The Athletic’s move into the UK has been aided by declines seen across the local news industry, where sports desks are often among the first to face cuts amid falling ad revenues and shrinking print readerships.
‘Sport is never the top priority’ on a newspaper
Malyon says football journalists have been downtrodden by an industry that has “depressed” salaries for years.
“People will always want to write about football [so] you can get away with paying them not very much,” he says.
“If you’re going to work for a newspaper on a sports desk, what you know is that sport is never the top priority. It’s probably never the second.
“I think that’s probably how it should be because newspapers are there to hold people of power to account and talk about politics and talk about news and stuff, which is actually important, and sport most of the time is a welcome diversion but it’s not necessarily important.
“What I’ve found is that if you’re trying to get money to cover a football match or a cricket tournament, then sometimes you’re not going to be able to get that at a newspaper because priorities are elsewhere.
“This is a sports media company, all we have to think about is covering football as well as we can and that means all of the resources we have – travel or whatever – can be diverted exactly into those stories and then those stories in return drive subscribers.”
‘Very British enterprise’
Despite The Athletic’s American credentials, Malyon says its UK arm will be a “very British enterprise”.

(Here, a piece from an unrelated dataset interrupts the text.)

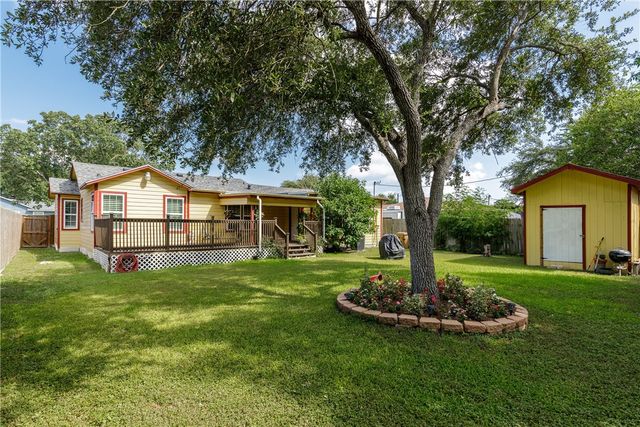 4002 Willow St, Corpus Christi, TX 78411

Nearly all of its editorial staff are British and its head office will be located in Southwark, London, with reporters mainly based near their clubs.
“It’s British coverage of British clubs,” he says. The website will publish at theathletic.co.uk for a UK audience, rather than the .com of its progenitor.
Once all staff are on board up to 150 stories out of the 1,500 published each week by the newsbrand will have a UK focus. However Malyon says it will take a couple of months before his team is at full capacity.
“There’s loads to do to,” he says. “But it’s really exciting at the same time because we get to do it all from scratch.”